28/8/10

Historia de un atardecer

El cerro parecía quemarse a lo lejos bajo las primeras caricias del atardecer de Noviembre, el aroma fresco de los arboles se mezclaba con el viento que mecía muy despacio los cabellos de Jacinto, que dormía plácidamente en el petate embriagado de cansancio y pulque después de la cosecha.
No había sueño mas profundo y placentero que el que aquella tarde abrazaba la realidad de Jacinto, su Citlalli; una morena princesa de risueños ojos grandes de cacao que siempre lloran por su Jacinto al marchar, e interminables trenzas negras coronadas siempre de Cempaxúchitl, que al anochecer cepilla cual sirena, dejando el aroma a flores para que la luna duerma.
Jacinto, hundido en blancos sueños de mezcal, se veía por fin casado con su Citalli viviendo felices en su jacal de adobes, con aroma a leña manteca y cempaxúchitl. Escuchaba la música de la vida en el chillido de sus tantos hijos, todos hermosos y llorones como su Citalli. La veía sonriente reinando junto al comal, esperándolo todos los días con un beso y las tortillas con chile puestas para cuando el llegue de la siembra y la cosecha. Por que no hay sueño más prometedor y hermoso que el del futuro, que Jacinto no se vio en las ganas de despertar.

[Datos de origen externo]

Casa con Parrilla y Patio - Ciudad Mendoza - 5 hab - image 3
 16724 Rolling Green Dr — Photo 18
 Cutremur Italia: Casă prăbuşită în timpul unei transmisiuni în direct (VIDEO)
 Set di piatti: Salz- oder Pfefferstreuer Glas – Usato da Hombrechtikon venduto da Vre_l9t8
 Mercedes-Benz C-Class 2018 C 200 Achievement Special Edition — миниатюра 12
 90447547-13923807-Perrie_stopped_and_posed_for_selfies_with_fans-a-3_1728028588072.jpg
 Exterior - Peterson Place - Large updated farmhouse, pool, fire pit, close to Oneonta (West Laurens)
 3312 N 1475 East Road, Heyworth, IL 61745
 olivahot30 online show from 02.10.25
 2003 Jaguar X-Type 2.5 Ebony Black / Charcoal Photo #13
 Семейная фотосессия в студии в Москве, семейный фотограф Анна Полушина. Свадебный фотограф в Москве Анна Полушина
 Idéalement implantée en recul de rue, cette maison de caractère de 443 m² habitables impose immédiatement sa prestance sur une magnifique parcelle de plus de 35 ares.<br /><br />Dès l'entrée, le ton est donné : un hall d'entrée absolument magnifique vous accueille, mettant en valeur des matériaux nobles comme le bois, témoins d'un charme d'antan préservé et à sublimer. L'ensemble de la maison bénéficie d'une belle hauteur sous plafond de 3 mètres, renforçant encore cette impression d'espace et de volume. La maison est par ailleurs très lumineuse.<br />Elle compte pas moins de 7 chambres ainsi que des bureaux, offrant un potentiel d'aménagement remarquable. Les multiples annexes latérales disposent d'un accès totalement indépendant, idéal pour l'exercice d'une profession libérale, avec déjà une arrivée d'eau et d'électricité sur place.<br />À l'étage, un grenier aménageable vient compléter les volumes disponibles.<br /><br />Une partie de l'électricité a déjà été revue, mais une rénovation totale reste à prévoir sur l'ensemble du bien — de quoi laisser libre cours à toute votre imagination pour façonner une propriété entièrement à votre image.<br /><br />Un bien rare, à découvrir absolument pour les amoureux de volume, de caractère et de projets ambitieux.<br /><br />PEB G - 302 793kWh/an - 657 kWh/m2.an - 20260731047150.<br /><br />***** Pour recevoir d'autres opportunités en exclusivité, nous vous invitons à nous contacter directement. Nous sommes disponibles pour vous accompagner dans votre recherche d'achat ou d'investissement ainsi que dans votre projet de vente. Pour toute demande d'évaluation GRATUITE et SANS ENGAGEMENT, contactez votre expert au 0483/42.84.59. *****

Pero el sueño termino, se lo llevo un coyote que paso tímidamente junto a el, por que es sabido que los coyotes del cerro se alimentan de ellos para que la vida siga. Jacinto se levanto de un salto, se puso sus huaraches y bajo corriendo el incendiado cerro dejando atrás al coyote que no dejaba de mirarlo fijamente.

El sol del atardecer maquillaba al cielo y sus nubes de hermosos colores carmesí para entregárselo esa noche a la Luna. Miles de pájaros retornaban presurosos y cantando a sus nidos protegidos en las ramas de un enorme zapote bajo el cual la hermosa Citlalli lloraba bajo su inmenso follaje, había esperado paciente toda la tarde a su Jacinto, pero ahora su huipil se había arrugado y las flores de cempaxúchitl de sus cabellos comenzaban a marchitar.
Tan triste estaba que el cascabeleo silencioso de una víbora arrullo su llanto.

Jacinto corrió y corrió, tan rápido como su fresca juventud le permitía, y cuando por fin llego bajo el zapote, un coyote aulló, y no encontró más que el cadáver de la hermosa virgen coronada de flores.
Ese día, al caer la tarde de Noviembre el viento se perfumo de un triste olor a Cempaxúchitl.